**Goal of the exercise**: The lines from the one holding "This Czech Mid-Century" through the end of the records below are to be written out exactly, and nothing else; pictures are to be left out.
*** Task data ***
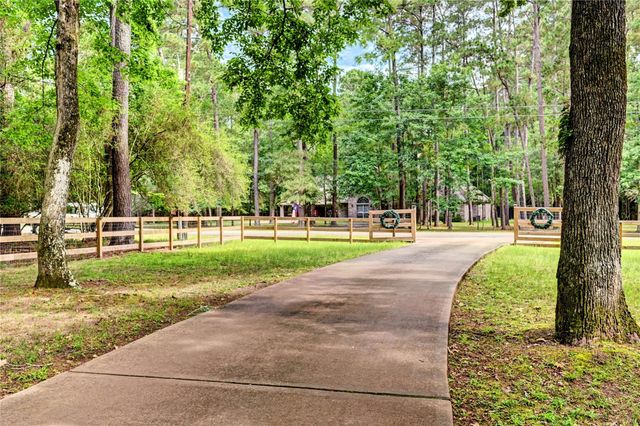 5423 Country Court, Magnolia, TX 77354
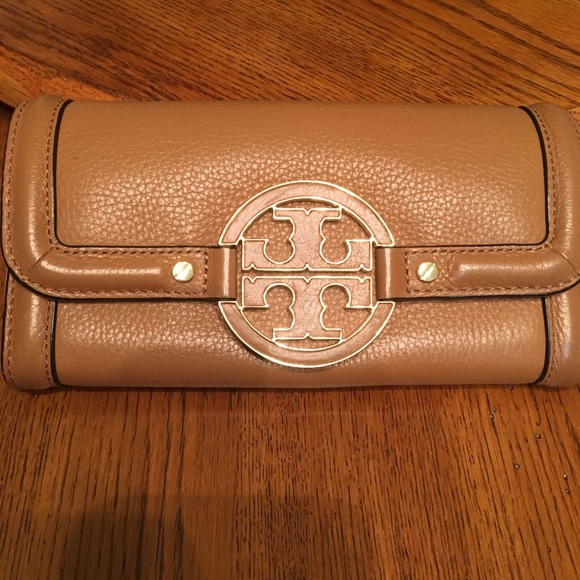 🌻TORY BURCH SOFT LEATHER TRI FOLD WALLET🌻 - Picture 1 of 6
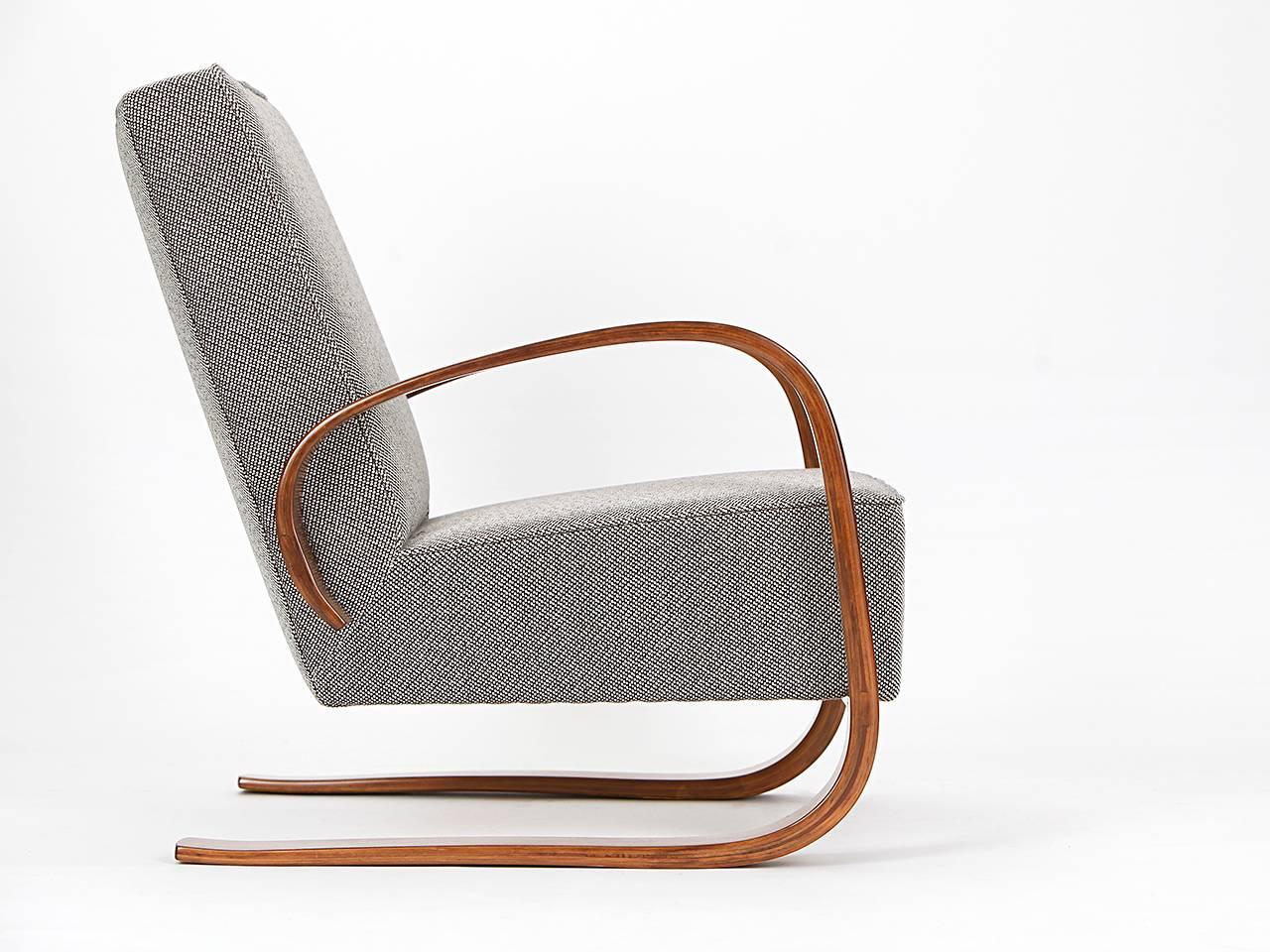 This Czech Mid-Century armchair was produced in the 1950s.
Upholstered with a fabric from the Dutch company De Ploeg.
Armrests with walnut veneer.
*** End of Task data ***
**Response below**:
 This Czech Mid-Century armchair was produced in the 1950s.
Upholstered with a fabric from the Dutch company De Ploeg.
Armrests with walnut veneer.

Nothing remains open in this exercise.